Wednesday, March 2, 2016
Book Burn 2016 #1: Lord of the Rings
Distraction is an enemy. Possibly my fiercest and most resilient.
I have habits I like. I have habits I hate. Most of the habits I hate - like binge-watching shows on Netflix or playing video games - are, like many things in life, just fine in moderation.
Sometimes I forget that I love to read, and instead I play Fallout 4 for days or just keeping slamming the "Play Next Episode" button for West Wing or Supernatural or whatever series I'm letting my inner completist go crazy on that week.
Reading, to me, is like a nutritious, filling, healthy gourmet meal. Video games and TV shows (with some notable exceptions) are junk food. And that's fine. But I need more real food than garbage.
This year, I wanted to combat my tendency toward distraction and one of my tactics was to keep a "Book Burn 2016" list. The list is on a legal pad. The pad is snapped to a clipboard and hung on my home office wall.
Now, I don't think reading is something to brag about. But, I have to admit that while I don't think reading is something to brag about, my feelings don't always agree. I figure if stroking my ego helps battle this distraction, then I'll stroke like, well, like I do it professionally.
So, I'm going to review every single graphic novel, prose novel, nonfiction book, short story collection, poetry book, or play I read this year.
I was originally going to do this as one long post at the end of 2016. Like, I would just keep adding to the post and saving it as a draft until the end of the year. Yesterday, a good friend asked why the hell I would do something like that. Who would want to read a post that long of Hulk knows how many reviews?
So, I'm not going to do that. I'll review them one-by-one. And many, like today's, will hardly even be reviews. Just a couple paragraphs. A few thoughts. A couple jokes. And a picture. Because pretty.
The Lord of the Rings by J.R.R. Tolkien
A few years ago I decided to start a tradition of making Lord of the Rings the first thing I read every year. On one hand because these were the books that made me realize I wanted to be a writer. On another, because I just wanted a tradition. I don't have many; at least not deliberate ones. You could say I have a "tradition" of losing socks and scissors, but that's not something I really schedule.

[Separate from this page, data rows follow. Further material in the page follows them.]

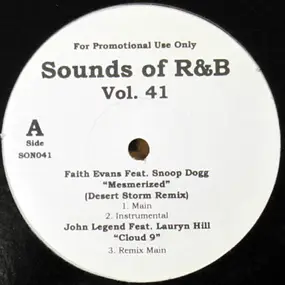 Faith Evans - Sounds Of R&B Vol. 41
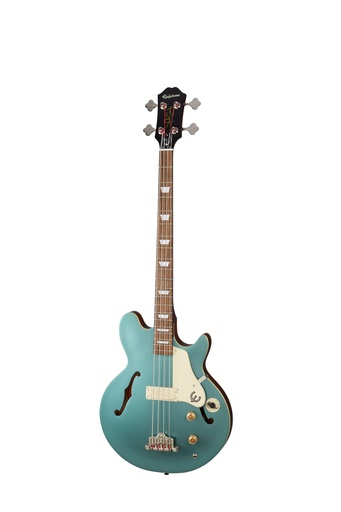 [EBJCFPENH1] Epiphone Jack Casady Bass Faded Pelham Blue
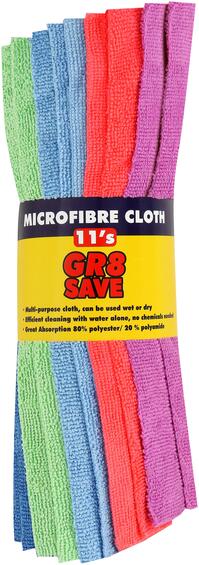 GR8 SAVE MICROFIBRE 11 PACK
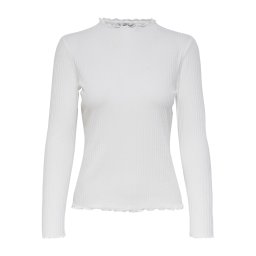 ONLY Tricou 'Emma' alb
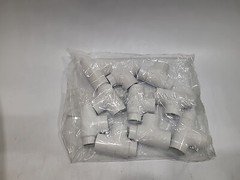 401-126 1″ x 3/4″ x 1 Slip x Slip x Slip Reducing Tee. LOT OF 10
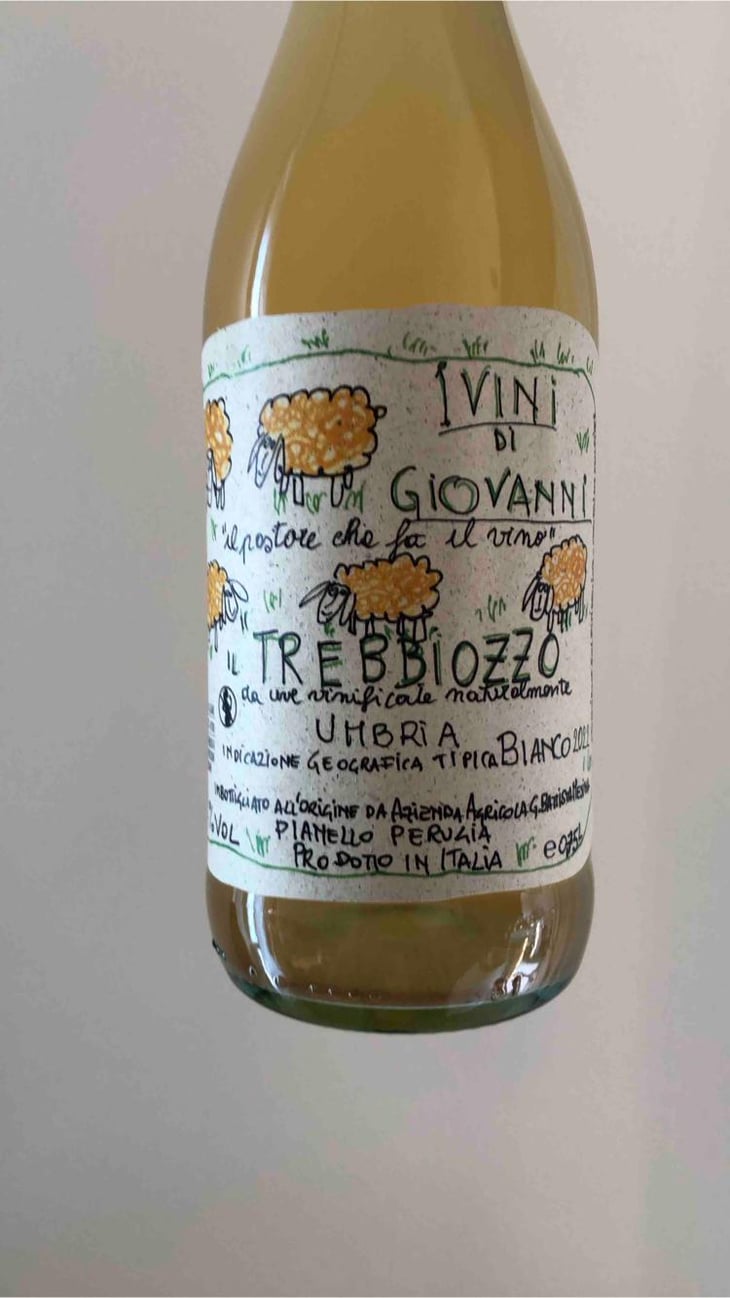 Trebbiozzo - I Vini di Giovanni - Giovanni Mesina 
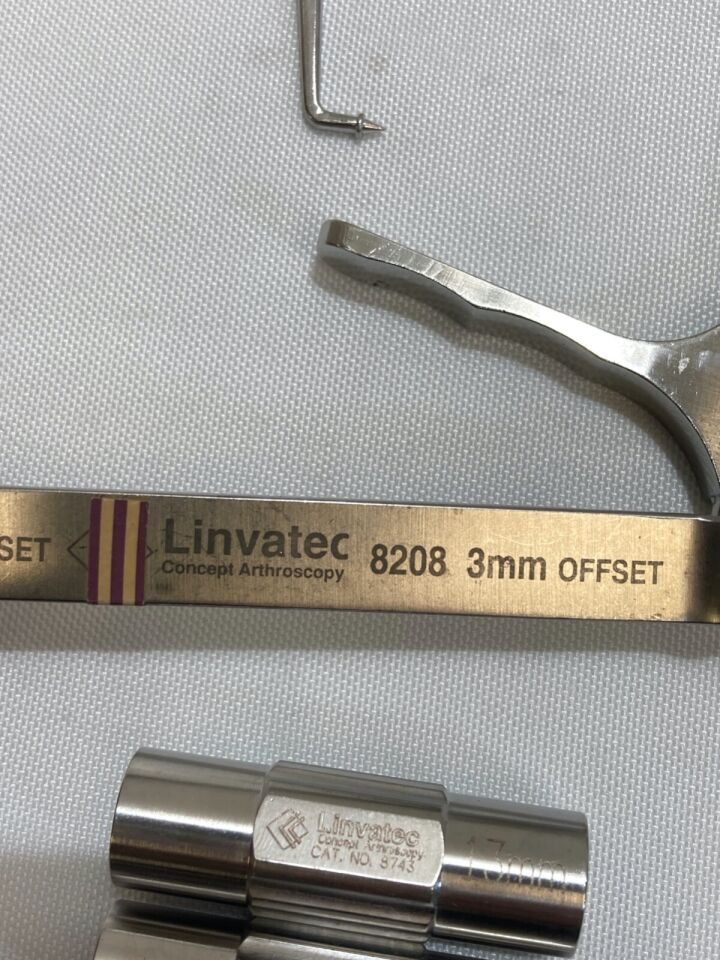 LINVATEC  15 Piece Conmed Concept Cruciate Reconstruction Kit — photo 12
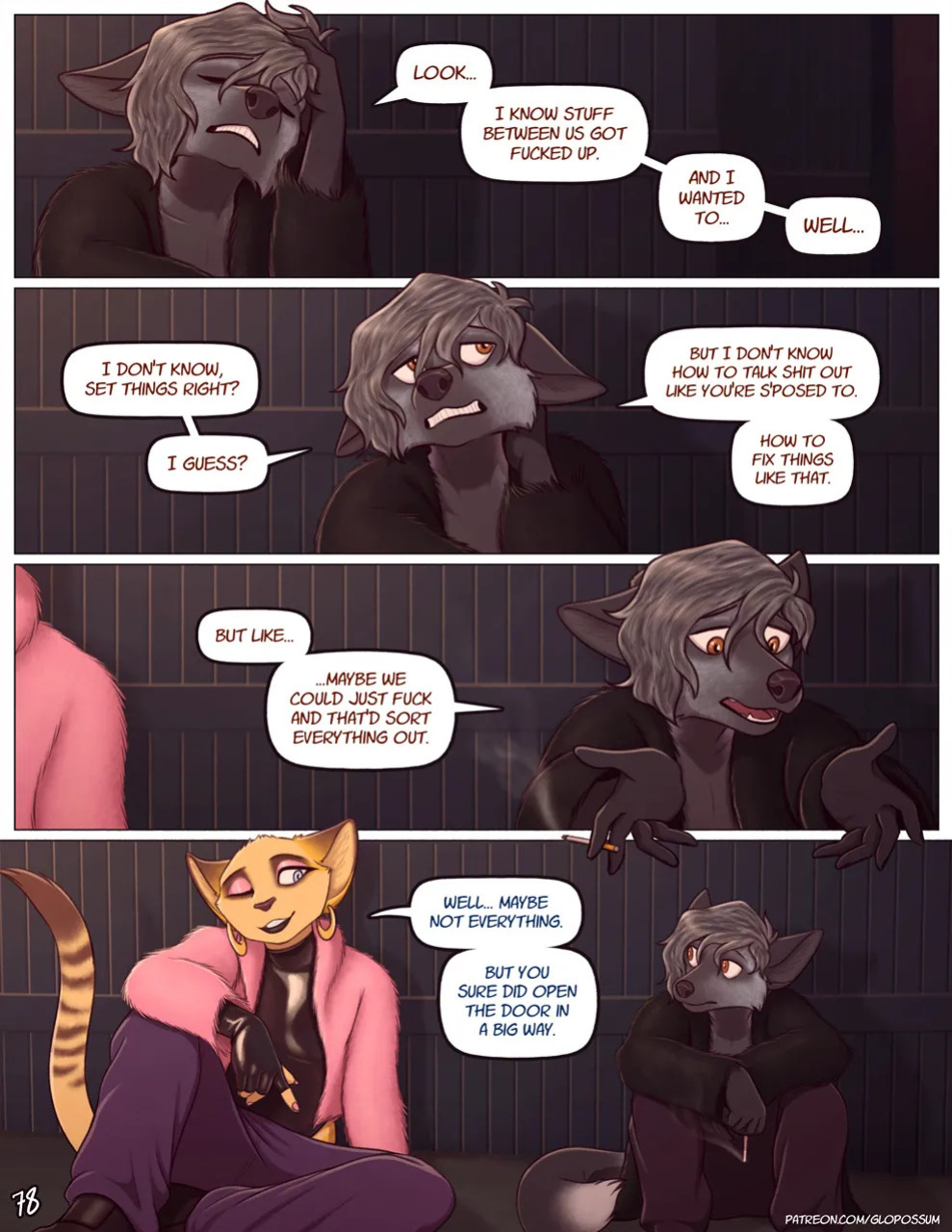 [Glopossum] The Common Grounds (W/ Extras)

I don't have a precise count, but at this point I must have read Lord of the Rings beginning-to-end 6 or 7 times. Every time I get excited as the Fellowship approaches the gates of Moria, easily my favorite part of the trilogy. Every time I tear up at Sam's final quote. Every time I tell myself I won't skip the songs this time and I get maybe a third of the way through Fellowship before I say, "Fuck this, I'm skipping the songs." Every time I see something I didn't see in a previous reading. This time I realized that Sauron is, actually, the bad guy.